Not long ago, I wrote a lament about the imminent passing of our friends' (Mr. & Mrs. Lesto) dog, Pepper. We were lucky to have her longer than we expected to. She wasn't in fighting form, but she was happy and unrestricted from any dietary worries. For once, she could eat whatever she wanted.
But, as we all knew would happen (but were hoping would never come), she ultimately could not go on. She was a wonderful dog (and this coming from a cat person, and a cynic). The Other Half and I will miss her terribly.
Coincidentally (and of course on an entirely different scale), another friend and his family are coping with loss as well. Jeff and Sandy, two friends of almost two decades, are dealing with the relatively sudden loss of Jeff's Mom. She was a very cool lady, and while I didn't know her well (though I had the privilege of working with her briefly), I'm glad I got to know her at all.

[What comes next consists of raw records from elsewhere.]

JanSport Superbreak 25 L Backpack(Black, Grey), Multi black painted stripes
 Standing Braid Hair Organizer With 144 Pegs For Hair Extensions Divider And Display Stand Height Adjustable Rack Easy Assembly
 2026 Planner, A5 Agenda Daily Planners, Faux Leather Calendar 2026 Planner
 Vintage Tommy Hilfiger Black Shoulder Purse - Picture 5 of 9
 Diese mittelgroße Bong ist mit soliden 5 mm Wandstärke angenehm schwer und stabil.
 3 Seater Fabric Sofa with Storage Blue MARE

I come from a small family, and also a relatively young family, so I have not often had to deal with loss personally. So, I will confess, I do not deal with it well. Everything I say to the bereaved sounds to me to be hopelessly cliched, and inappropriate. So I have a tendency to clam up and say nothing at all. And while I do not wish to equate a pet death with a loss of a parent, I do know that both families have been dealt a blow. I'm sad for both, and I hope that my friends can accept my limited ability to express that adequately.